# How to complete this task:
Would you please transcribe the listing exactly, with no images?

# Data excerpt:
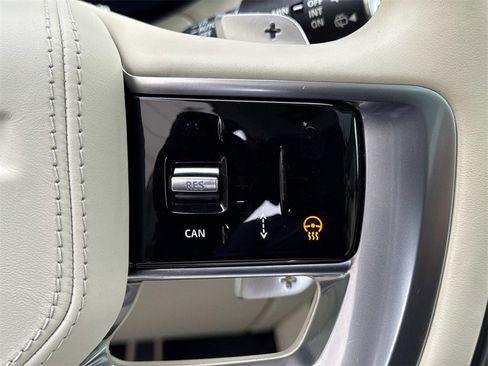Used 2023 Land Rover Range Rover SE image 28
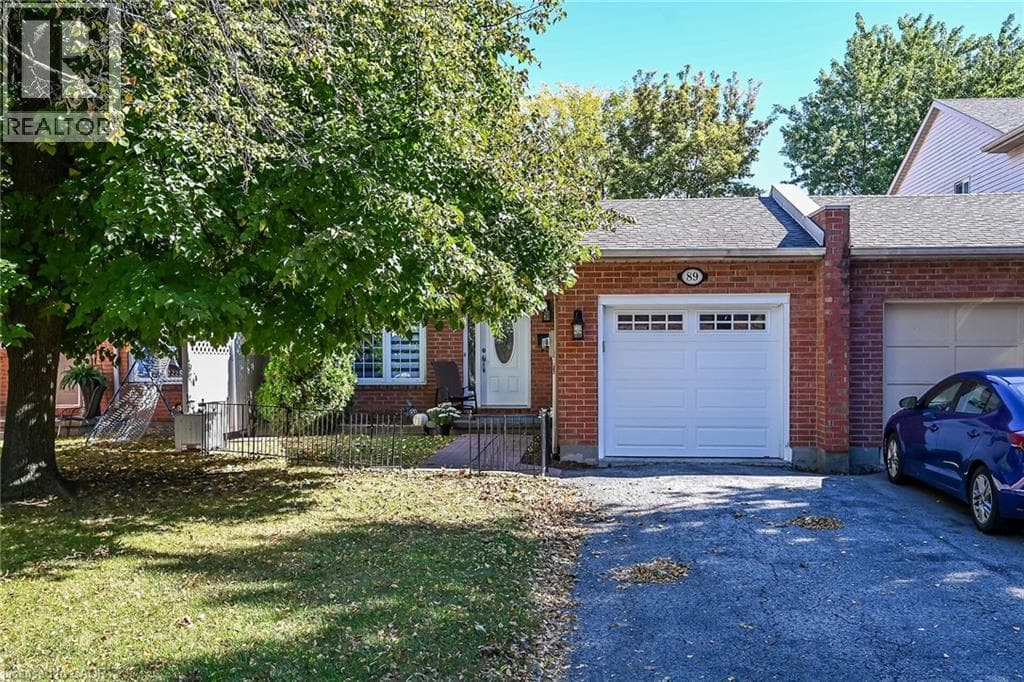 89 STONEY BROOK Crescent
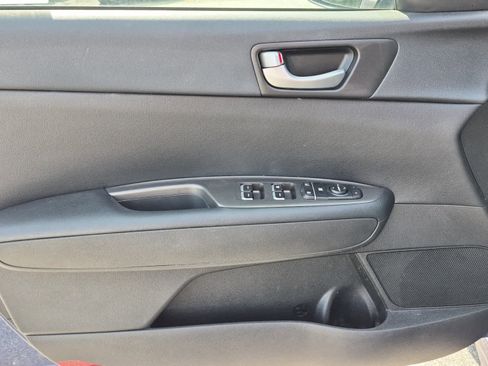 Used 2019 Kia Optima LX image 11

# Answer box:
Used 2023 Land Rover Range Rover SE image 28
 89 STONEY BROOK Crescent
 Used 2019 Kia Optima LX image 11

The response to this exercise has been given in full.